ENH: Dedicated method for creating conditional columns

Question

ENH: Dedicated method for creating conditional columns

erfannariman opened this issue 4 years ago · comments

Creating conditional columns is an operation you perform a lot when wrangling data. Still right now there is no dedicated and explicit way of creating conditional columns in pandas. This can be seen on StackOverflow which is my top hit when I google "pandas conditional column" (this will obviously vary per person).

On this StackOverflow link we see the result of not being explicit since there are at least 6 different methods mentioned and a lot of anti patterns, also methods we do not want users to use because of inefficiency (apply with if else, map with lambda x for example).

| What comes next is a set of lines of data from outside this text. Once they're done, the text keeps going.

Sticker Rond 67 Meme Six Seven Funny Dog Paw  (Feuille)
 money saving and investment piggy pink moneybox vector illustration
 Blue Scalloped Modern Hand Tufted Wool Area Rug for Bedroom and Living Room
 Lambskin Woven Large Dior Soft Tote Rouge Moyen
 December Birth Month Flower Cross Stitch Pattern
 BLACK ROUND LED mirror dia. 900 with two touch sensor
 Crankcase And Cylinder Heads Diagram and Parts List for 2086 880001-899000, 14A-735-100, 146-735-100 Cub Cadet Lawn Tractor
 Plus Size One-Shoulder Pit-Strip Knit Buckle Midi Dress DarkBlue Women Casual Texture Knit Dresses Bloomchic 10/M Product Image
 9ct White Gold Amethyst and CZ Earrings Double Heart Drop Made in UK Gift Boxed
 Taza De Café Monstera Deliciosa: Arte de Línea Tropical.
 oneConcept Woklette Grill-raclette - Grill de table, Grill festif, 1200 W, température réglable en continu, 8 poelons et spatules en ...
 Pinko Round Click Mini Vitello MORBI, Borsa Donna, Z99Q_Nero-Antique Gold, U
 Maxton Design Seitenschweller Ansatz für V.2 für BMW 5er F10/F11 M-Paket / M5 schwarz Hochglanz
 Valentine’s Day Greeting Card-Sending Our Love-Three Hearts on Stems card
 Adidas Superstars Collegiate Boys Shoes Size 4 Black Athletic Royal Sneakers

This ticket is made as a starting point for discussion if we should have a more explicit way of creating conditional columns in pandas. Also because we need to look ahead when switching to EA's because the most used methods (and top accepted answer on SO) are numpy methods and return numpy arrays.

What do we have now?:

For single conditional columns:

np.where
.loc with assignment
Series.where
Series.mask, see comment

For multi conditional columns:

np.select
complex list comprehensions
.apply with if else (not an option imo)

I don't have a suggestion yet, but I know I really like the clean code you can create with np.select and also with SQL CASE WHEN.

Other languages:

SQL has CASE WHEN:

CASE
    WHEN condition1 THEN result1
    WHEN condition2 THEN result2
    WHEN conditionN THEN resultN
    ELSE result
END;

R (dplyr) has case_when:

df %>% mutate(g = case_when(a == 2 | a == 5 | a == 7 | (a == 1 & b == 4) ~ 2,
                            a == 0 | a == 1 | a == 4 | a == 3 |  c == 4 ~ 3,
                            TRUE ~ NA_real_))

Related tickets / questions:

#30357 (using apply with if else)
#34543 (conditional join)

Samuel Oranyeli commented 2 years ago

take

Erfan Nariman · Answer 1 · Thu Jan 14 2021 05:31:56 GMT+0800 (China Standard Time)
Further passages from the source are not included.